= Your instructions =
Your response should consist of the entire listing, transcribed exactly, with every image left out.

= Data excerpts =
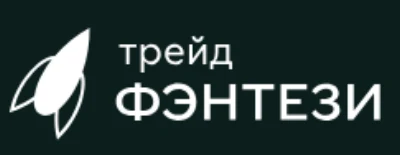 Логотип: ДЕНТАЛ-ФЭНТЕЗИ ТРЕЙД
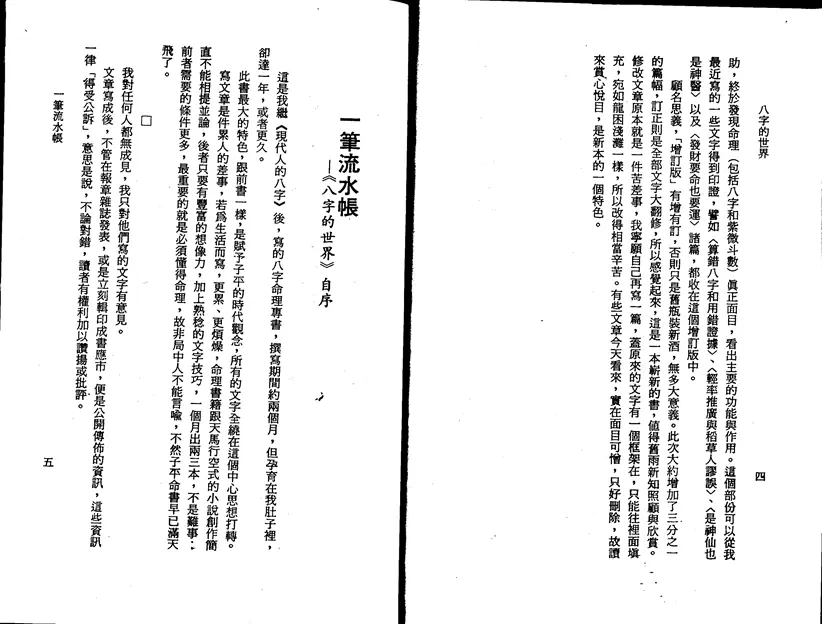 八字的世界 八字的世界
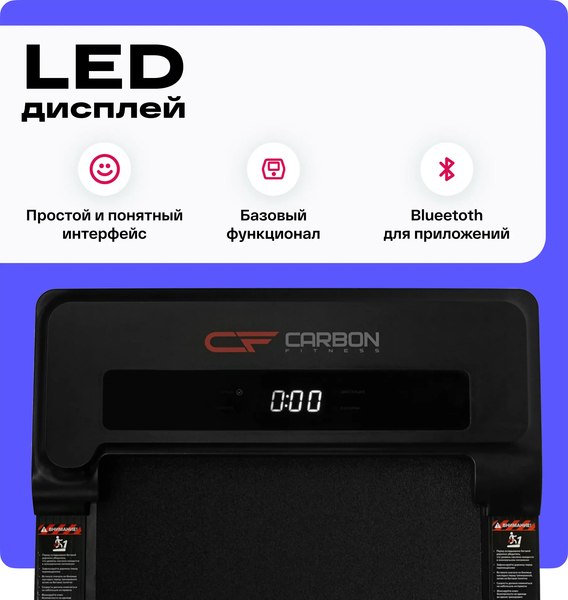 Изображение товара Электрическая беговая дорожка Carbon Fitness T170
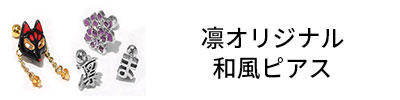 凛オリジナル和風ピアス商品一覧
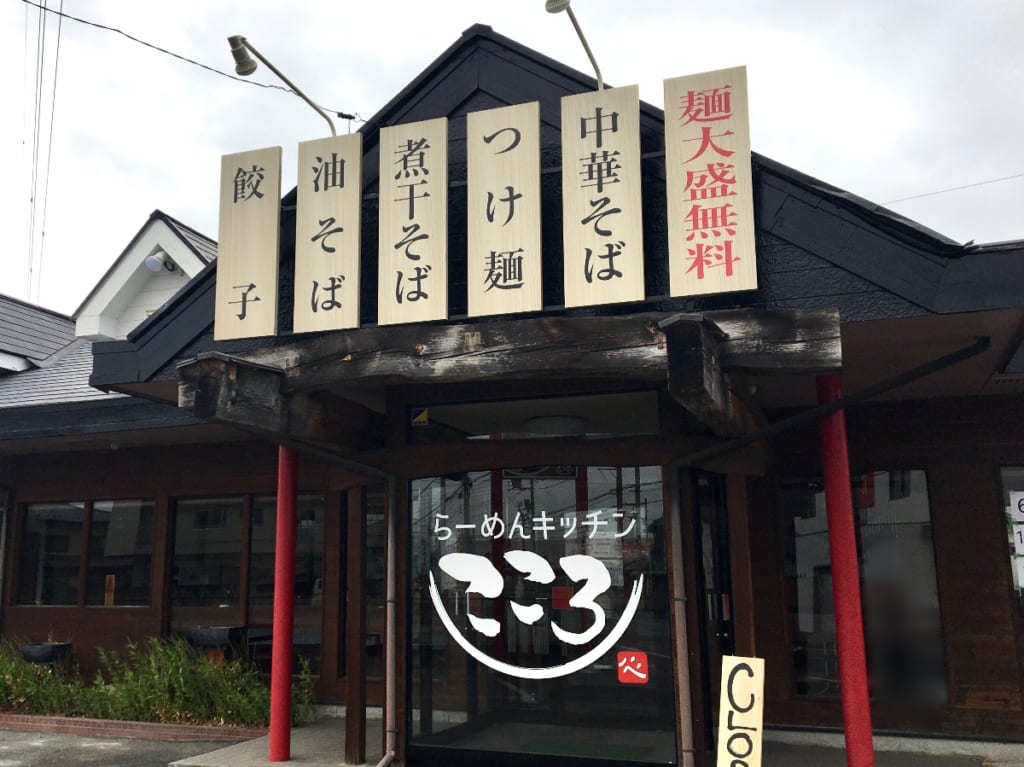 らーめんキッチンこころ井野町店の外観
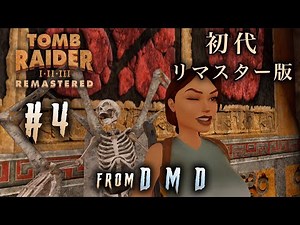 Tomb Raider I Remastered (PS5) | Gameplay Walkthrough Part 4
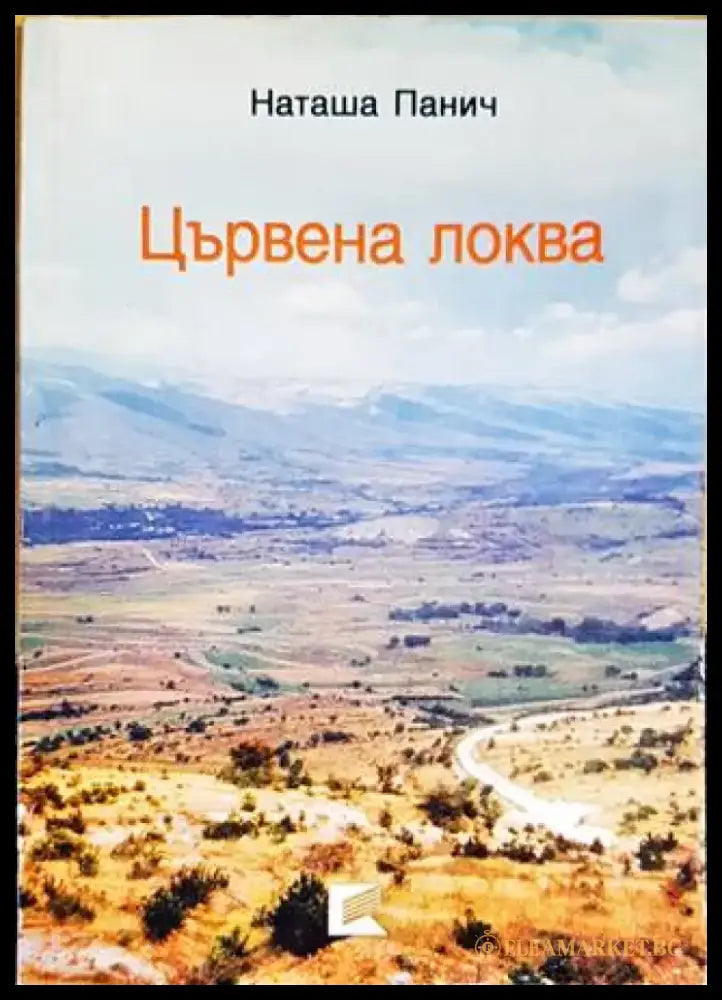 Цървена локва - Книги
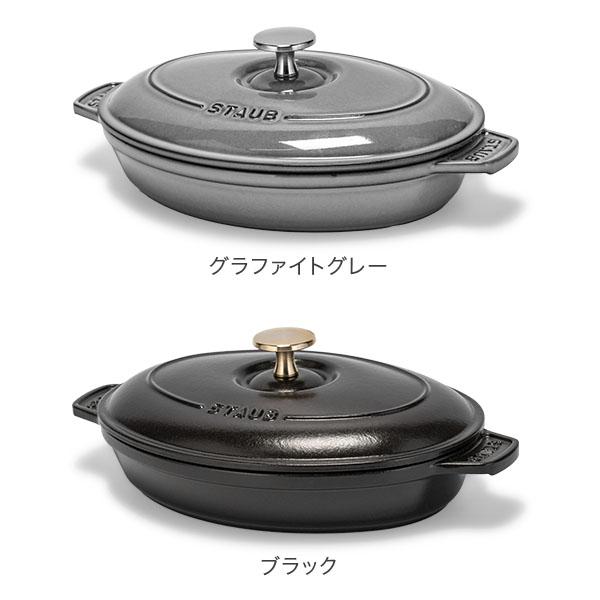 Staub（ストウブ） 【並行輸入品】 鍋 オーバル ホットプレート 23cm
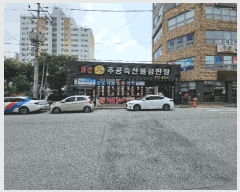  2025Ÿ��1401 ��� ������ ������ ��õ�� 257-12      ����(����)���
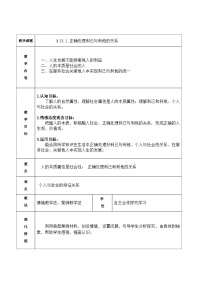 中职政治 (道德与法治)高教版哲学与人生（第五版）第五单元 在社会中发展自我 创造人生价值第十三课 人的本质与利己利他教案及反思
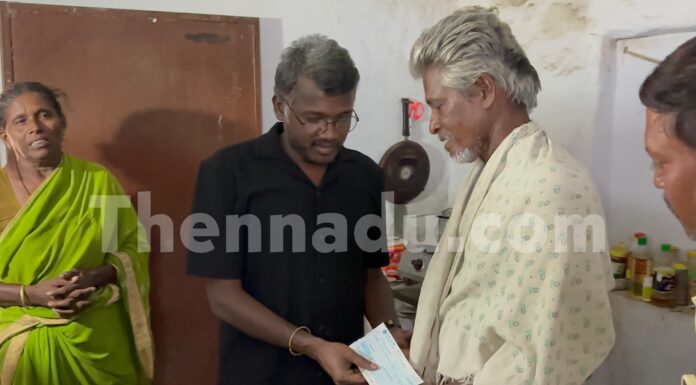 குறிப்பன்குளம் விபத்தில் இறந்தவர்கள் குடும்பத்திற்கு மாரி செல்வராஜ் நிதியுதவி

= Output below =
 Логотип: ДЕНТАЛ-ФЭНТЕЗИ ТРЕЙД
 八字的世界 八字的世界
 Изображение товара Электрическая беговая дорожка Carbon Fitness T170
 凛オリジナル和風ピアス商品一覧
 らーめんキッチンこころ井野町店の外観
 Tomb Raider I Remastered (PS5) | Gameplay Walkthrough Part 4
 Цървена локва - Книги
 Staub（ストウブ） 【並行輸入品】 鍋 オーバル ホットプレート 23cm
  2025Ÿ��1401 ��� ������ ������ ��õ�� 257-12      ����(����)���
 中职政治 (道德与法治)高教版哲学与人生（第五版）第五单元 在社会中发展自我 创造人生价值第十三课 人的本质与利己利他教案及反思
 குறிப்பன்குளம் விபத்தில் இறந்தவர்கள் குடும்பத்திற்கு மாரி செல்வராஜ் நிதியுதவி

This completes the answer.